Foi o Erasmus em Barcelona, em 2021, que levou à criação da zine, disponível desde o início de Março. Joana e Catarina Batista, outra das fundadoras, conheceram um grupo de skaters chilenos que haviam criado uma revista. Ao mesmo tempo, eram convidadas pela equipa de uma revista de Barcelona para se juntarem quando iam fotografar. “Começou a fazer sentido juntar a curiosidade do skate, o facto de andar e gostar, com a fotografia, que também gostava, e o vídeo, em que elas [as restantes companheiras de equipa] são melhores do que eu.”
A influência dessa viagem é visível na zine: logo na primeira página, há uma homenagem a Catarina, que partiu a perna a skatar em Barcelona. Mais à frente, há textos e entrevistas que falam sobre a capital do skate, quase como um diário, acompanhado de registos fotográficos e apontamentos gráficos que a fazem transpirar a cultura de rua.

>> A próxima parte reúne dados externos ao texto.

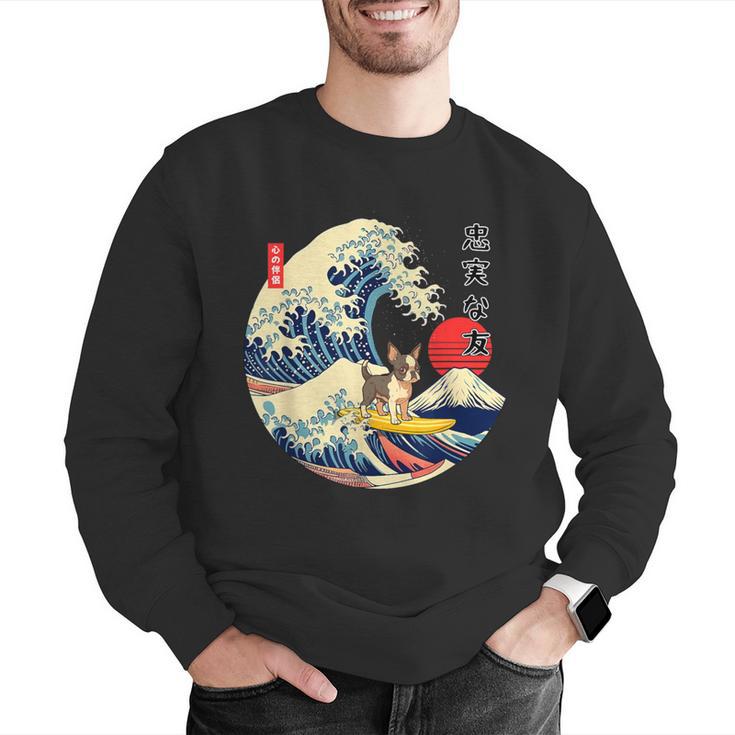 Boston Terrier Japanese Kanagawa Wave Surf Loyal Dog Men Women Kids Men Graphic Sweatshirt, funny gift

Mas a mensagem principal é logo anunciada no editorial. “Desde o dia em que começamos a pensar nisto, o nosso objectivo foi criar um espaço seguro para partilhar e desenvolver a comunidade feminina e não tradicional do skate em Portugal”, escrevem. Referem-se também à comunidade LGBT+, que tenta afirmar-se num mundo onde o protótipo é ainda o homem cisgénero heterossexual.
“No início não nos sentíamos bem-vindas no skatepark. Pedíamos a um rapaz para nos ensinar uma manobra e ele olhava de lado, como que a dizer que nunca íamos conseguir fazer aquilo”, começa. “Nos campeonatos, há sempre um valor monetário mais elevado para os rapazes e também é mais fácil para um rapaz conseguir patrocínios, ainda que agora esteja a mudar um bocadinho.”
Joana acredita, no entanto, que estas desigualdades acontecem “porque as pessoas não sabem o suficiente”. Menciona uma das páginas que considera das “mais importantes da revista”, onde uma das entrevistadas relembra que “os rapazes não são inimigos” — na verdade, a maioria começou a andar de skate com eles. “Mas a verdade é que ainda existem diferenças e nós temos de as dar a conhecer e explicar. Daí a revista.”
Escrita em inglês, pensada para uma comunidade que abrange muitos imigrantes e que se quer internacionalizar, a Betesga conta, mostra a ficha técnica, com a contribuição de oito pessoas — “um bocadinho caóticas, todas fazem de tudo” —, mas, no futuro querem receber contribuições externas.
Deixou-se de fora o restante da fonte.